Verbatim output of the lines below is required, with the images omitted.

(Dataset content)

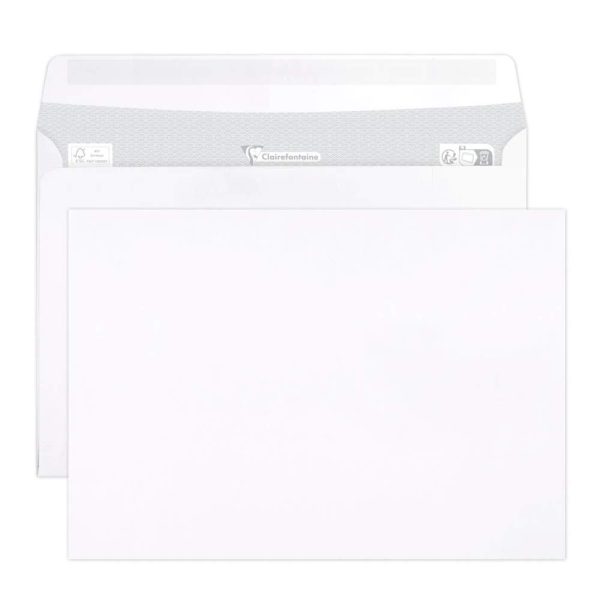 Boite de 500 Enveloppes Blanches C5-162x229mm &ndash; Auto-Adh&eacute;sives &ndash; 90g/m2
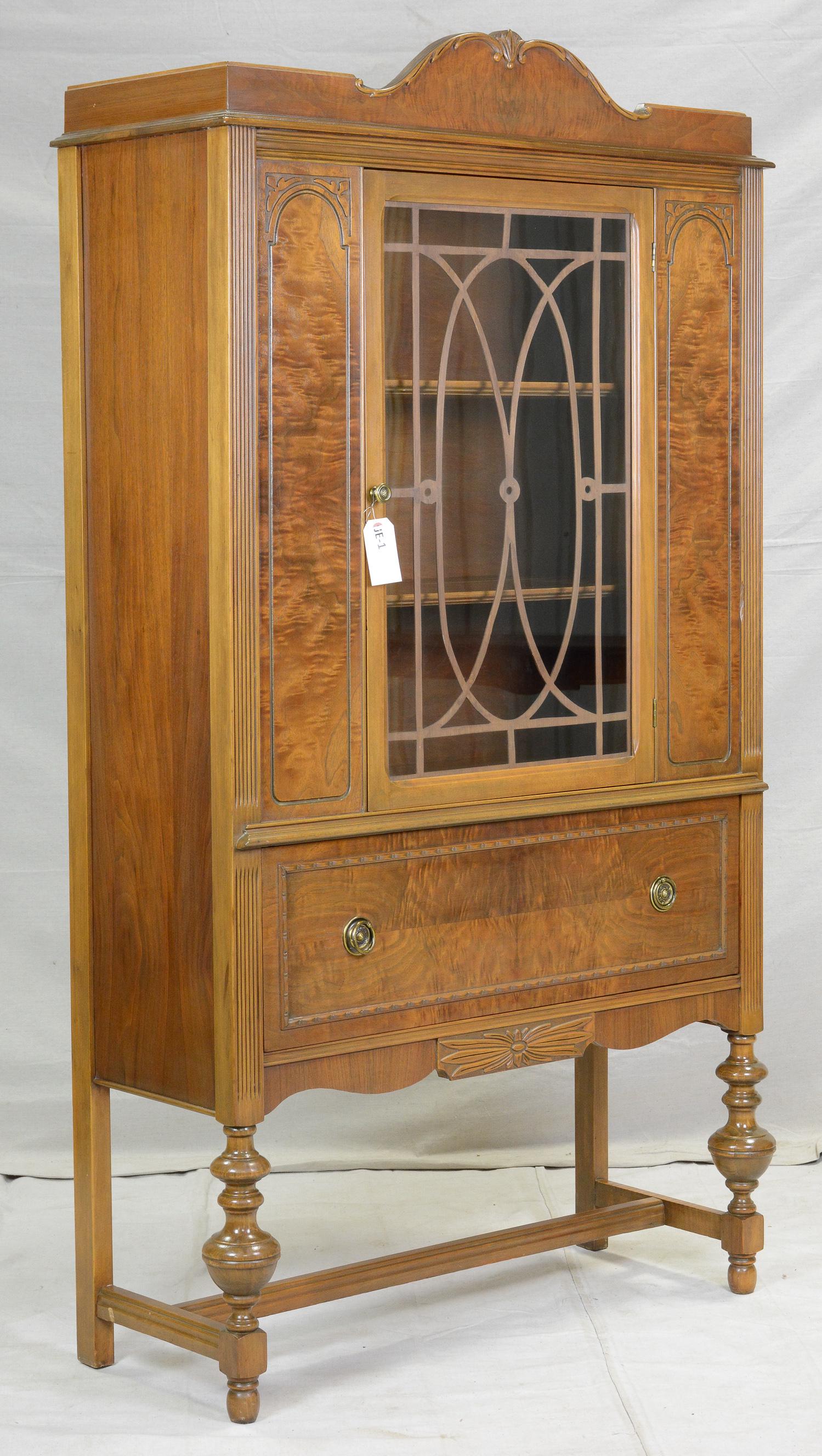 J.L. Hudson Co. China Cabinet With Drawer: J.L. Hudson Co. China Cabinet with Drawer - 70 in tall x 39 x 16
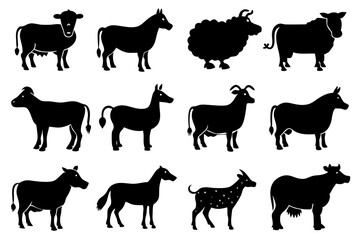 Wall Mural - farm animals collection vector illustrations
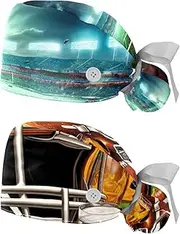 [YTYVAGT] 2-Pc,Nurse Scrub Caps,Scrub Hats with Buttons and Cotton Sweatband,American Football Court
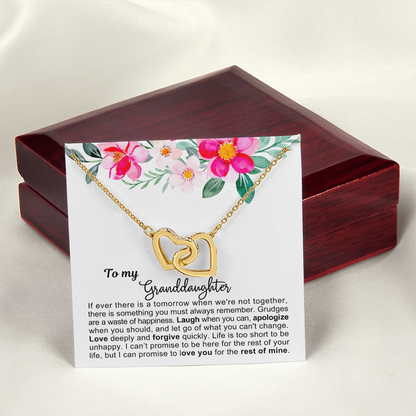 To My Granddaughter - Linked Hearts Necklace - Love You Forever Message Card Gift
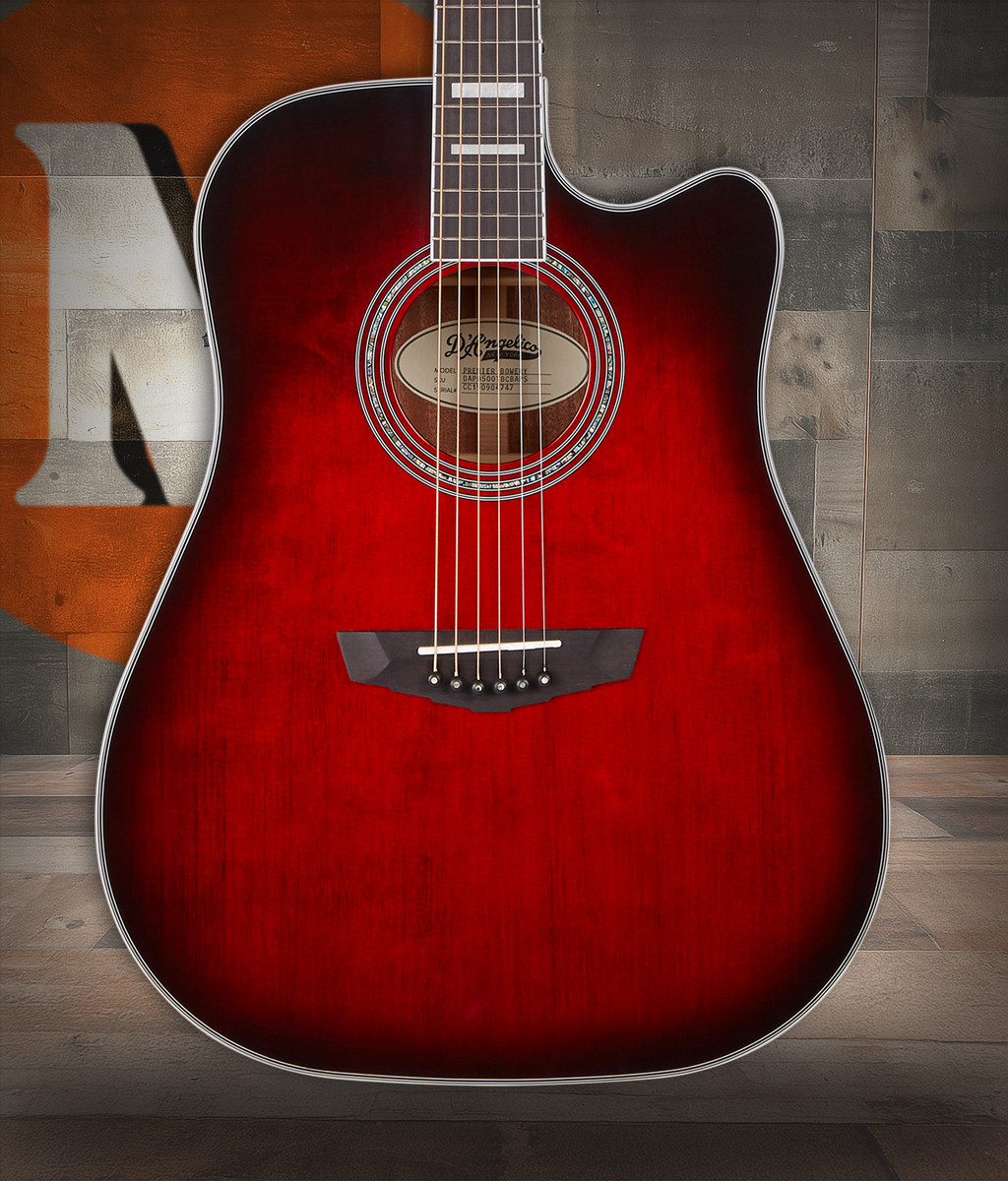 The DÃ¢â‚¬â„¢Angelico Bowery Dreadnought CE (DAPD500TBCBAPS) features a bold Trans Black Cherry Burst finish paired with a full-size dreadnought body for rich lows, strong projection, and classic acoustic warmth. The cutaway design allows easy upper-fret access, while the onboard electronics deliver clear, natural amplified soundÃ¢â‚¬â€making it ideal for stage use, worship settings, and songwriting.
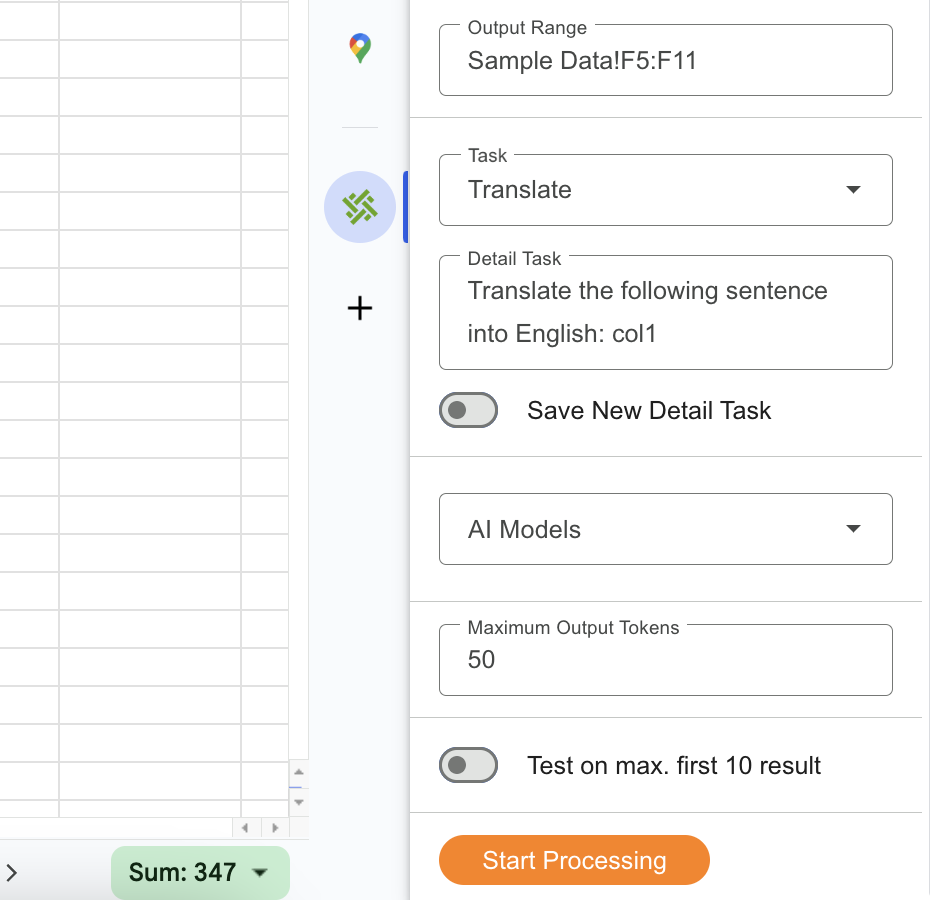 fill thousand rows with GPT, Gemini AI for Sheets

(End Dataset content)

| Response area |
 Boite de 500 Enveloppes Blanches C5-162x229mm &ndash; Auto-Adh&eacute;sives &ndash; 90g/m2
 J.L. Hudson Co. China Cabinet With Drawer: J.L. Hudson Co. China Cabinet with Drawer - 70 in tall x 39 x 16
 Wall Mural - farm animals collection vector illustrations
 [YTYVAGT] 2-Pc,Nurse Scrub Caps,Scrub Hats with Buttons and Cotton Sweatband,American Football Court
 To My Granddaughter - Linked Hearts Necklace - Love You Forever Message Card Gift
 The DÃ¢â‚¬â„¢Angelico Bowery Dreadnought CE (DAPD500TBCBAPS) features a bold Trans Black Cherry Burst finish paired with a full-size dreadnought body for rich lows, strong projection, and classic acoustic warmth. The cutaway design allows easy upper-fret access, while the onboard electronics deliver clear, natural amplified soundÃ¢â‚¬â€making it ideal for stage use, worship settings, and songwriting.
 fill thousand rows with GPT, Gemini AI for Sheets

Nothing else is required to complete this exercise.